La très belle histoire de la très jeune fille

Il y a les contes pour enfants et les histoires que (se) racontent les grands. Il y a les paroles qu'on dit et celles qu'on entend. Il y a la magie des fées et les mots - les maux - de l'enfance.

Pour sa Cendrillon, Pommerat joue la carte de la figure manquante et place la mère de la très jeune fille, sa vraie mère, au début et à la fin du conte. Au coeur et dans la tête des acteurs de la fable. Imprégnée des dernières paroles captées au chevet de sa mère mourante, Cendrillon se tisse une ligne de conduite où la pensée tient le fil qui évite le gouffre aux défunts. Pour les vivants, Pommerat s'attaque aux préjugés et aux apparences : tendre, humaine et imagée, sa vision enchante et actualise, couve et étire le conte, entre quotidien et poésie, courage et docilité. Enfance et modernité.

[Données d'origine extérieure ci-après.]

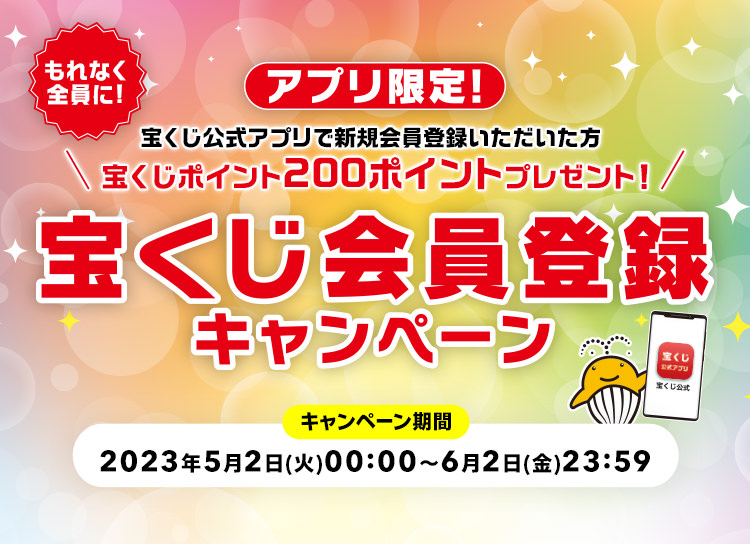 アプリ限定! もれなく全員に! 宝くじ公式アプリで新規会員登録いただいた方宝くじポイント200ポイントプレゼント! 宝くじ会員登録キャンペーン キャンペーン期間 2023年5月2日(火)00:00～6月2日(金)23:59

Sur scène tous les arts réunis le sont avec brio, sens et sans effet gratuit : la voix off nous dit l'enfant étranger au monde appelé à être l'artisan de celui de demain, avec ses erreurs et ses tatonnements. Le mime avec ses mains pose des mots dans le ciel, interroge ce qui est vrai, ce qui est faux. Le décor, né de rien, du noir et de l'obscurité après chaque scène, ouvre et plante les lieux du conte comme dans un livre ouvert, un écran souple, jusqu'à cette maison de verre qui piège les oiseaux... Les acteurs - la plupart avec deux rôles et tous parfaits - jonglent et se faufilent entre avers et revers, rêve et réalité, vérité et faux-semblant : et si le bal du roi sortait de l'esprit de la famille recomposée ? La musique - celle des mots de Pommerat à elle seule est un délice - porte celle du conte et du vrai monde où l'écho du récit demeurera toujours. Le chant, la danse...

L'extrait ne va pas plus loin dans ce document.